I'm thinking of putting a B&M floor shifter in my 66 Tempest...The car has a TH-350 trans in it with the stock column shift. What all is involved in this change....How much would it effect value of car....Is this something I should consider doing or not?....The car has the stock 50/50 split front seat.....Anyone have any advice or experience in this mod?:cool


----------



## 05GTO (Oct 6, 2004)

I guess to do it right you would need a used replacement steering column, bucket seats, additional bucket seat brackets, console, shifter, cable and a cable bracket for the transmission.

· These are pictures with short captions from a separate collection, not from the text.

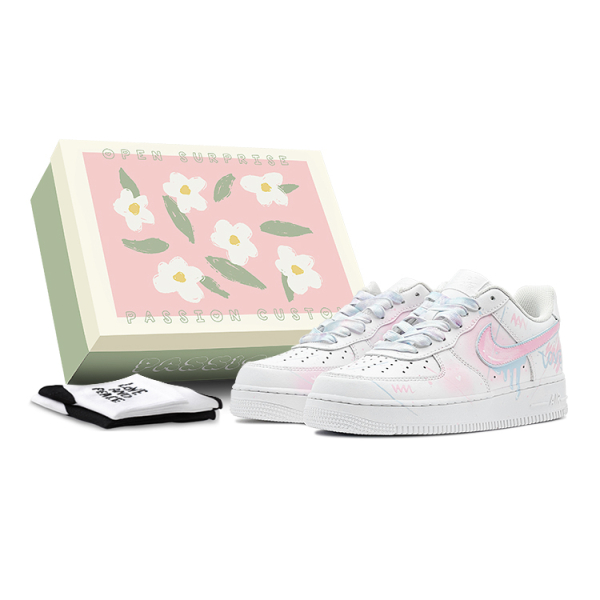 【 】 Nike Air Force 1 Low Love GS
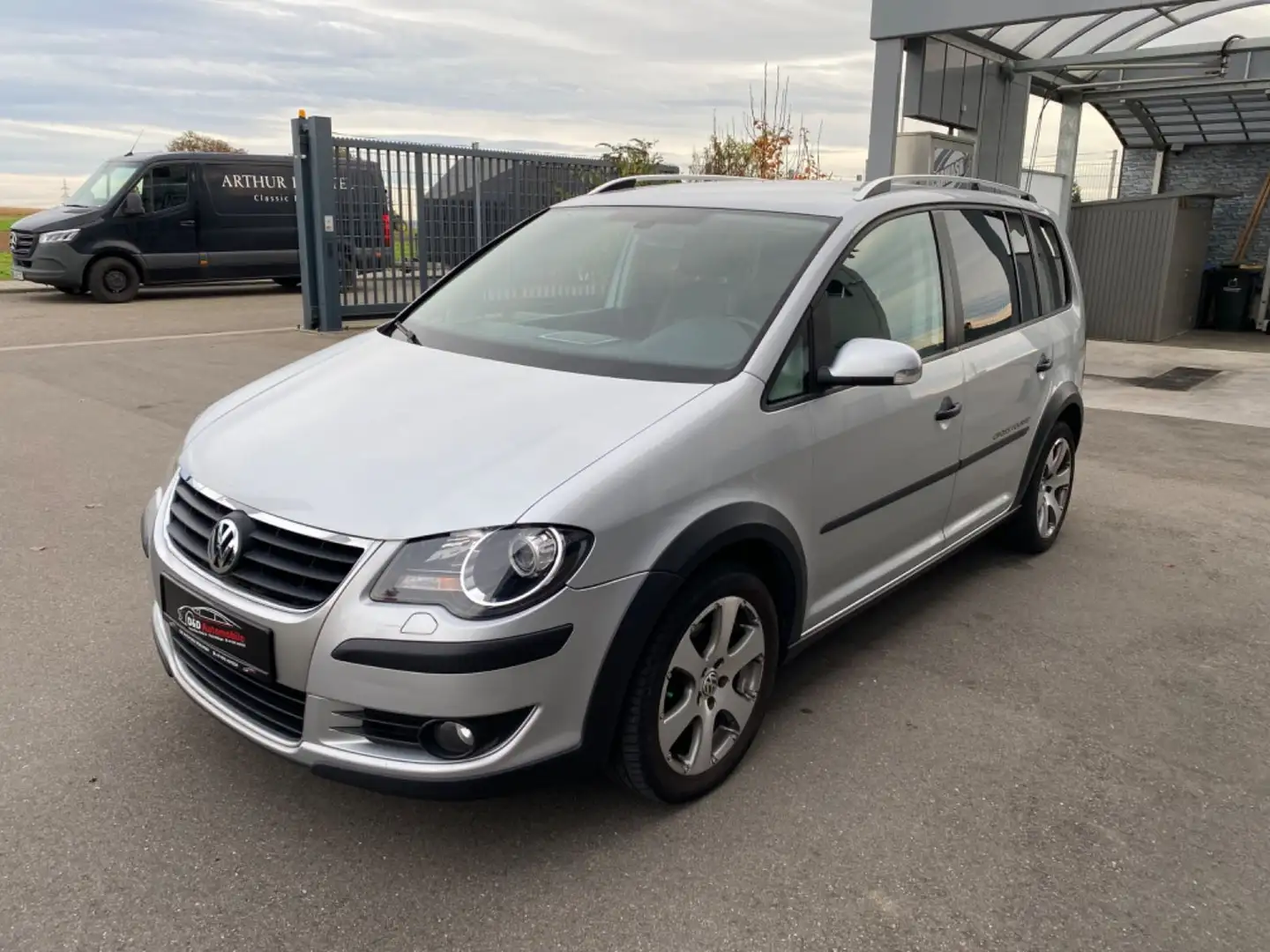 Volkswagen Touran Cross 1.4 TSI 140 PS 1. Hand - TÜV 01/27 Silber - 1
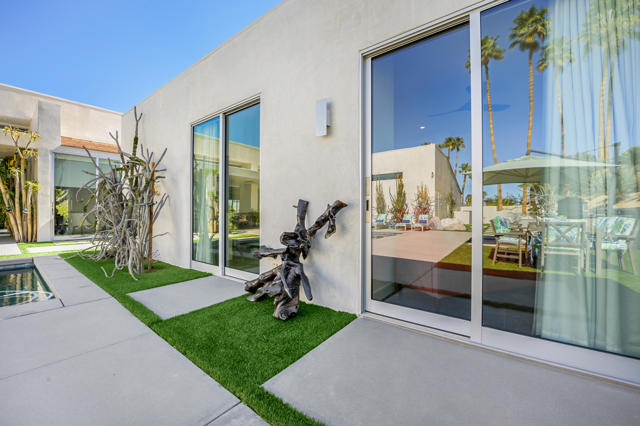 49120 Sunrose Lane, Palm Desert CA: https://media.crmls.org/mediaz/8fdb354c-49ba-489b-a015-a11e87c793eb.jpg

I think your car would be more valuable like it is, IMHO!


----------



## topfuel67 (Dec 23, 2008)

Its pretty easy to put a center console in too. Why bother with the B&M? I converted my 65 from a column to a console. Looks great. You just need to cut a small hole for the shift linkage. Bolt the Shifter to the top of the floor pan (there are even indentations in the floor pan where it bolts) and the bottom part of the shift linkage bolts under the floor pan (you only need that small hole cut to connect the 2 with a samll shift lever). The stock linkage is plenty sturdy enough for a th350.


----------



## alexh123animals (Nov 23, 2008)

if you do that conversion let me know if you want to sell the column:cool


----------



## Too Many Projects (Nov 15, 2008)

I believe B&M has everything you need to complete the conversion available and with retaining your bench seat. You could just remove the pin holding the shifter arm at the column and leave the column in place with the nub for now. I would think there is a neutral safety switch on the B&M, but you should check into that too.


----------